Sean will be forever loved by his parents, Tom and Pam. Lovingly remembered by his partner Marianne. Dearest brother of Jen and her partner Edmond.  Forever missed by his dear friends Pete and Paulette.

Cpl McClintock proudly served his country for over 20 years in the Canadian army as a member of 1CER, stationed first in Chilliwack BC, Edmonton AB and later at Camp Wainright in AB. During his army years he served several tours of duty, the last being in Afghanistan. Sean was an avid dog lover and an accomplished scuba diver.

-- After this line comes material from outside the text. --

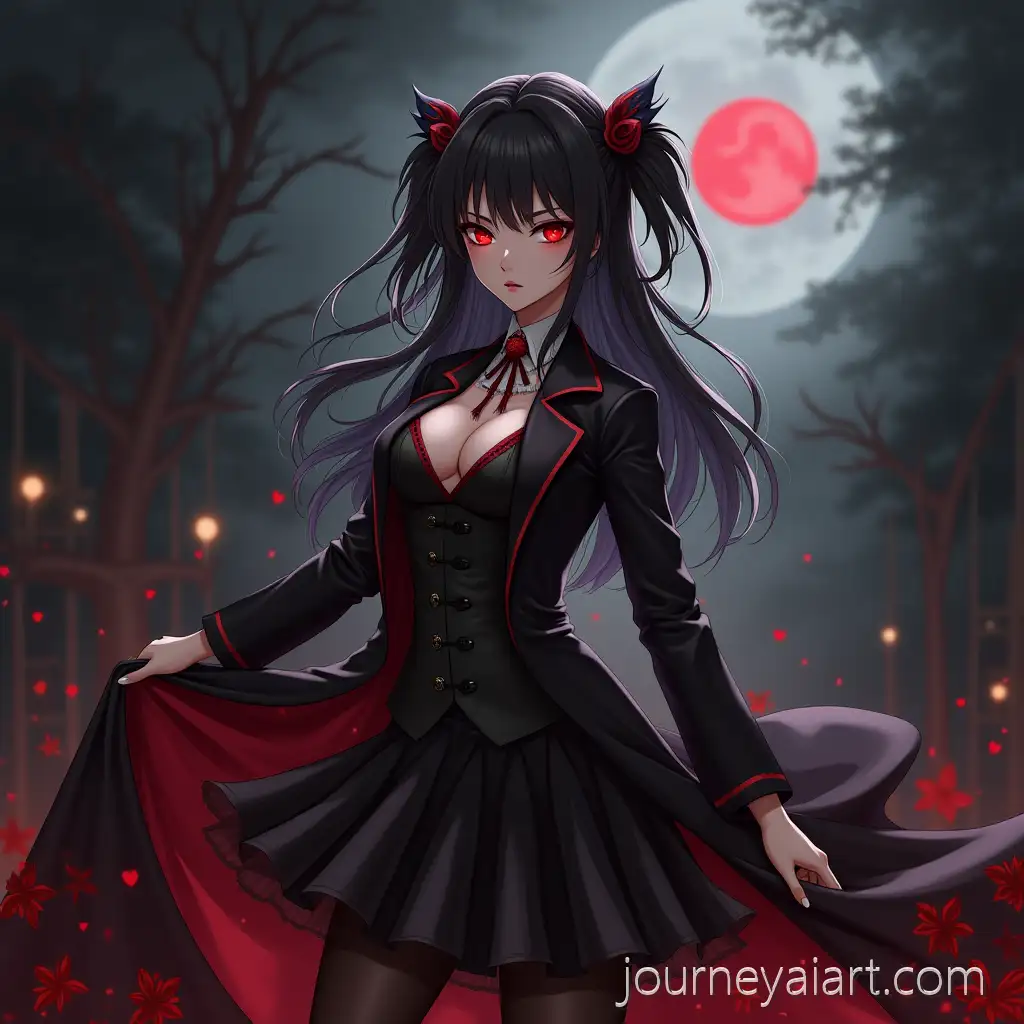 SemiRealistic-Anime-Female-Vampire-Full-Body-Portrait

He proudly boasted an extensive historical collection of war time memorabilia. 

Friends will be received at the JAMES L. PEDLAR FUNERAL HOME, 1292 Pelham Street, Fonthill ONT on Sunday, February 7th from 7-9 pm with a legion service taking place at 6:30 pm that evening. 
The Memorial service to honour Sean's life will take place at the funeral home on Monday, February 8th at 2:00 pm with visitation from 12-2:00 pm. 

As a courtesy to the family, please no children.

Donations may be made to Wounded Warriors Foundation Canada or Toronto Sick Children's Hospital. 

Online condolences may be shared at www.pedlarfuneralhome.ca


----------



## Kat Stevens (5 Feb 2016)

:'(


----------



## daftandbarmy (6 Feb 2016)

A Salute To The Engineers



 Now the Lord of the Realm has glorified the Charge of the Light Brigade,

 And the thin red line of the Infantry, when will their glory fade?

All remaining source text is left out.